Si El Salvador se encarrilara por esos dos debería, no estaría lejos la meta de alcanzar un país distinto. Pero, siendo realistas, las señales inmediatas –esas que se ven todos los días— no permiten alimentar la ilusión de que en el corto plazo nos pondremos en esa dirección. Quizás lo haremos en un futuro lejano, pero no el presente, cuando la lógica del poder (político, económico, social, cultural) sigue imponiendo sus fueros sobre la lógica de lo humano.
Basta ver cómo la ansiedad política ha salido a relucir, principalmente y de manera evidente, en dos de los candidatos presidenciales –los dos como candidatos de partidos de derecha—, una vez que terminaron los actos con motivo de la canonización de Monseñor Romero.

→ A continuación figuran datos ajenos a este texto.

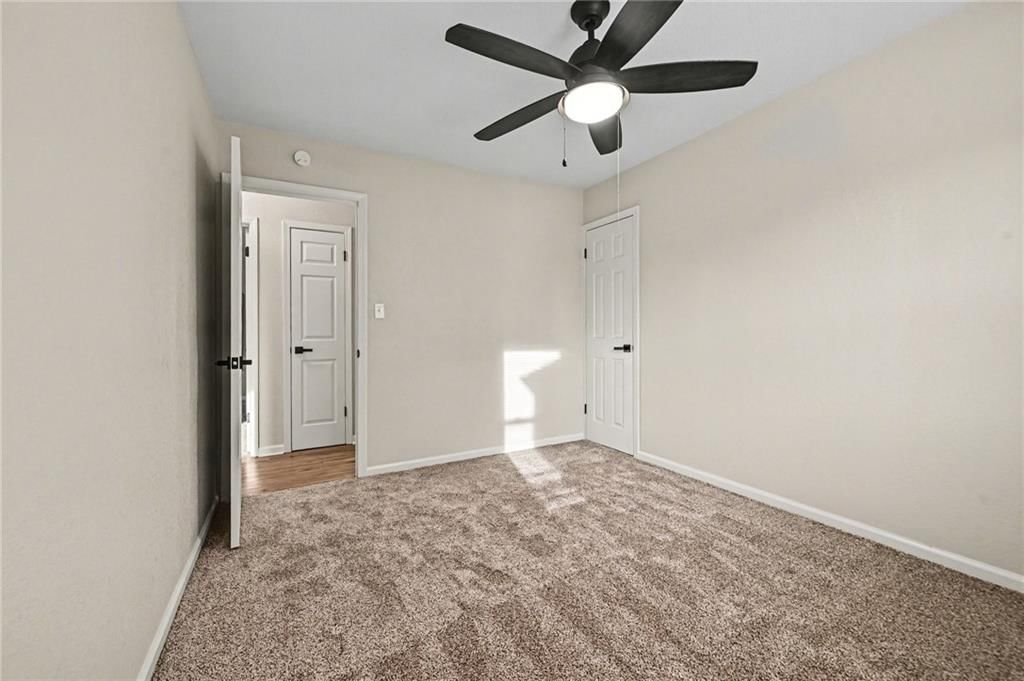6521 N Campbell Street — photo 18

Uno de los puede imaginar “comiendo ansias” a la espera de que esos actos llegaran cuanto antes a su fin, para ir a lo que a todas luces para ellos –y para muchos de los que los siguen— es lo más importante: la conquista de esa cuota de poder político que se concentra en la Presidencia de la República.

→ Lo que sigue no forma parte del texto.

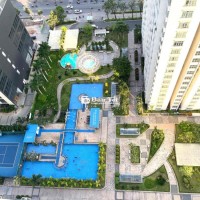 CHUYỂN NHƯỢNG CĂN HỘ GIAI VIỆT - SỔ HỒNG VĨNH VIỄN Q8 - GIÁ TỐT NHẤT THỊ TRƯỜNG!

La lógica del poder marca los ritmos y las inercias reales de El Salvador, que amenazan con atenazar o, peor aún, ahogar todo lo que el legado moral de San Romero puede aportar al necesario cambio cultural en el país. Dado el arraigo de esos ritmos e inercias, y dada la forma cómo sectores diversos e importantes de la vida nacional se someten a ellos, no queda más que ser pesimistas a cerca de las posibilidades de un cambio cultural y moral en el corto plazo y mediano plazo.

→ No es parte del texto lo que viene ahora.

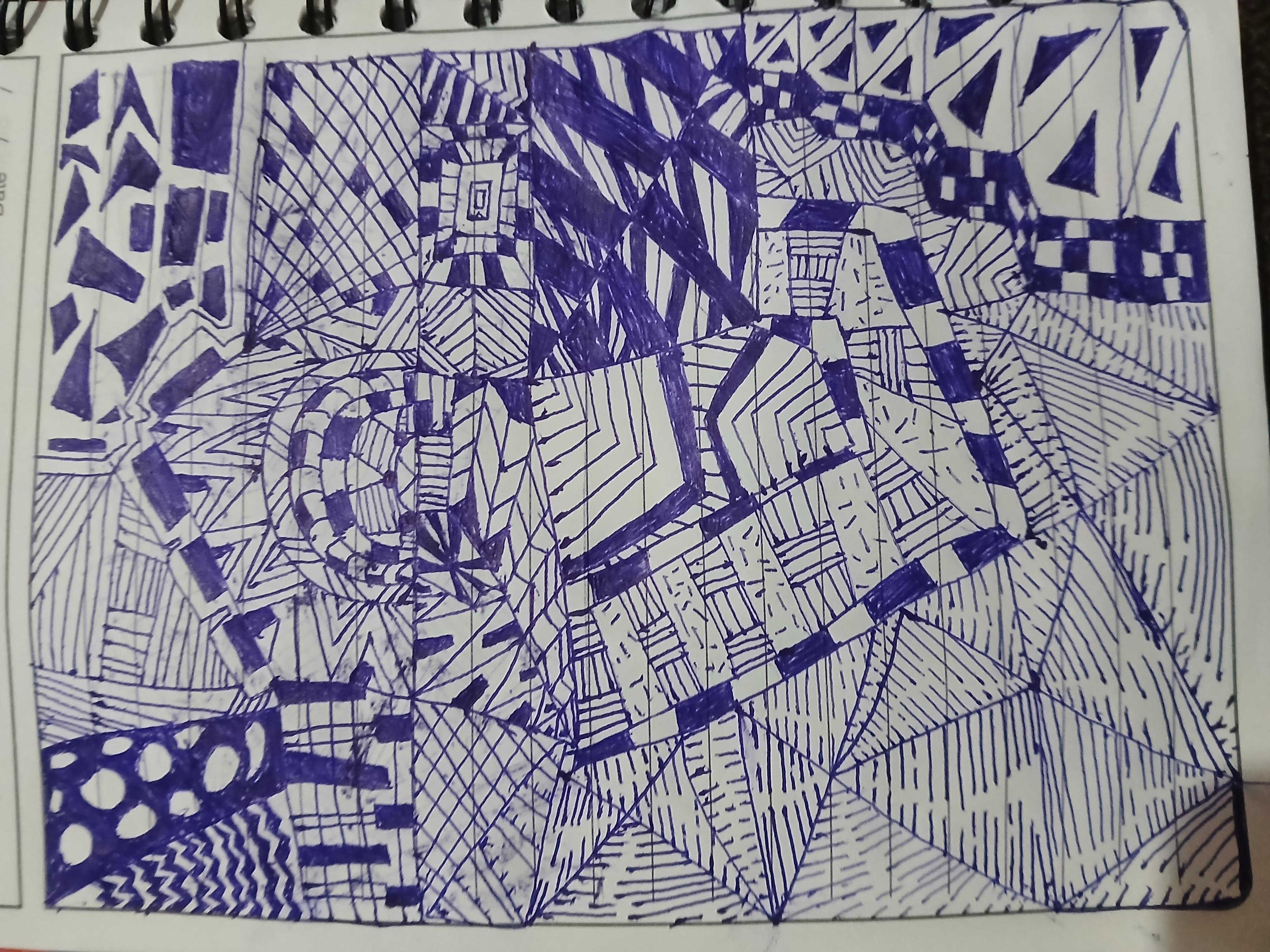 more-projects-from-class-img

La canonización de Monseñor Romero fue una ventana moral que se abrió por unos días, pero –a juzgar por cómo seguirán las cosas en El Salvador después del 14 de octubre— se cerrará hasta nuevo aviso. El reinicio de la campaña electoral está poniendo de manifiesto, en algunos de los candidatos, unos deseos desmedidos por salir victoriosos, sin importar cómo lo logren, en la contienda electoral del otro año.
A la luz de las enseñanzas morales y políticas de Monseñor Romero nada más pernicioso para la salud de la nación que personas que ambicionan desmedidamente el poder. Pero lo suyo apunta a un deber ser moral; y nuestros políticos –unos más ansiosos que otros por el poder político— rigen su vida por la política real tal y como esta funciona en este país. ¿Puede la política real salvadoreña ser distinta a lo que es?; ¿puede ser más digna, moderada, prudente y razonable?; ¿puede ser menos caudillista y menos redentora?; ¿puede dejar de ser un espacio para el autoendiosamiento y las malacrianzas hedonistas?; ¿puede –en definitiva— convertirse en un instrumento para el bien público y el bienestar de la gente? Por supuesto que sí, y el Presidente Salvador Sánchez Cerén ha dado muestras de que eso es posible desde 2014; pero para que un nuevo estilo de hacer política permee a la mayoría de los políticos salvadoreños (y también a los empresarios, y también a los profesionales, y también a la gente del pueblo) estos deberían contagiarse –mental y afectivamente—, de ideales como los de Monseñor Romero.